How the Government’s Prosecution of Aaron Swartz Pushed Him Toward Death
Three major newspapers ran stories this morning on the suicide of Internet activist Aaron Swartz, who the government was aggressively prosecuting for allegedly “hacking” into JSTOR to liberate some academic articles and make them more widely available to the world. Swartz was set to go on trial in April.
The Wall Street Journal reported, “Just days before he hanged himself, Internet activist Aaron Swartz’s hopes for a deal with federal prosecutors fell apart.” The newspaper notes he “allegedly used the computer network at the Massachusetts Institute of Technology to download nearly five million articles from a fee-charging database of academic journals.”
Swartz’s lawyer, Elliot Peters, discussed “a possible plea bargain with Assistant U.S. Attorney Stephen Heymann last fall.” Heymann would not accept a plea bargain if Swartz did not plead guilty to every count he faced—13 felonies. Peters tried last Wednesday to force a compromise and Heymann would change his position.

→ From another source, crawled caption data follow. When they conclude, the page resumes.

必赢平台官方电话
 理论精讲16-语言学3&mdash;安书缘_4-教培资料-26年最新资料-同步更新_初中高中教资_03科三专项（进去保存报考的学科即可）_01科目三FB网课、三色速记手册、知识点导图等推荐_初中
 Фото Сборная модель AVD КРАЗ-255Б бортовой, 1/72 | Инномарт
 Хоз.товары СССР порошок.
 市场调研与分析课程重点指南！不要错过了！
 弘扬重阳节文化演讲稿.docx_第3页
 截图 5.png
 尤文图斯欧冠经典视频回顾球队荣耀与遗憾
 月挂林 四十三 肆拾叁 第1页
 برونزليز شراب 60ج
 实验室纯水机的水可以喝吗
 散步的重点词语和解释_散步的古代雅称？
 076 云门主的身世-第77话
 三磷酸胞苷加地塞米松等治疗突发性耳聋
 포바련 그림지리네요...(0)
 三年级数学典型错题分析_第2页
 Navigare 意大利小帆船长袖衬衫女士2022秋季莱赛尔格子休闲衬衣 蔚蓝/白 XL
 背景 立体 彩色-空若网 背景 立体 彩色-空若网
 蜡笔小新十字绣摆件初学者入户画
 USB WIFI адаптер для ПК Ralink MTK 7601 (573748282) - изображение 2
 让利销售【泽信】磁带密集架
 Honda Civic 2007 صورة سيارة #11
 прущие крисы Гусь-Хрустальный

His girlfriend, Taren Stinebrickner-Kauffman, told the New York Times, “The case was draining his money, and he would need to ask for help financing his defense; two of his friends had recently been subpoenaed in the case. Both situations distressed him.” He did not want to ask other people for money.
Under the Computer Fraud and Abuse Act (CFAA), government prosecutors enjoy wide discretion. Typically, a prosecutor would push for a punishment proportional to the harm done by the crimes alleged. In Swartz’s case, it is clear this did not happen. JSTOR declined to press charges, but the government pursued the case anyway.
On July 19, 2011, his indictment was unsealed. United States Attorney Carmen M. Ortiz declared in a statement, “Stealing is stealing whether you use a computer command or a crowbar, and whether you take documents, data or dollars. It is equally harmful to the victim whether you sell what you have stolen or give it away.”
Steven D. Ricciardi, Special Agent in Charge of the United States Secret Service in New England, contended, “The New England Electronic Crimes Task Force has taken an aggressive stance in the investigation of computer intrusions and other cybercrimes…Through this task force, the Secret Service and our partners on the Cambridge and MIT Police Departments demonstrate the importance of cooperation among law enforcement to focus resources and respond effectively to investigate and prevent this type of fraud.”
In September 2012, a “superseding indictment” expanded his charges from four to thirteen felonies. The government may have been willing to seek only seven years in jail at trial, according to the WSJ. It may have bargained that down to “six to eight months in exchange for a guilty plea.” However, Swartz did not want to go to jail at all.
Peters told WSJ: ”I think Aaron was frightened and bewildered that they’d taken this incredibly hard line against him…He didn’t want to go to jail. He didn’t want to be a felon.”
According to the WSJ, he started dating Stinebrickner-Kauffman in June 2011, one month before he was indicted on four counts. She “lived with him in Brooklyn for a few months.” In the week before his suicide, he was experiencing pain that was “too much to contemplate,” she said, and having “depressive episodes.” He also concluded “MIT wasn’t going to stand up for him.” It was a “tragedy” that MIT would not stop the government’s prosecution.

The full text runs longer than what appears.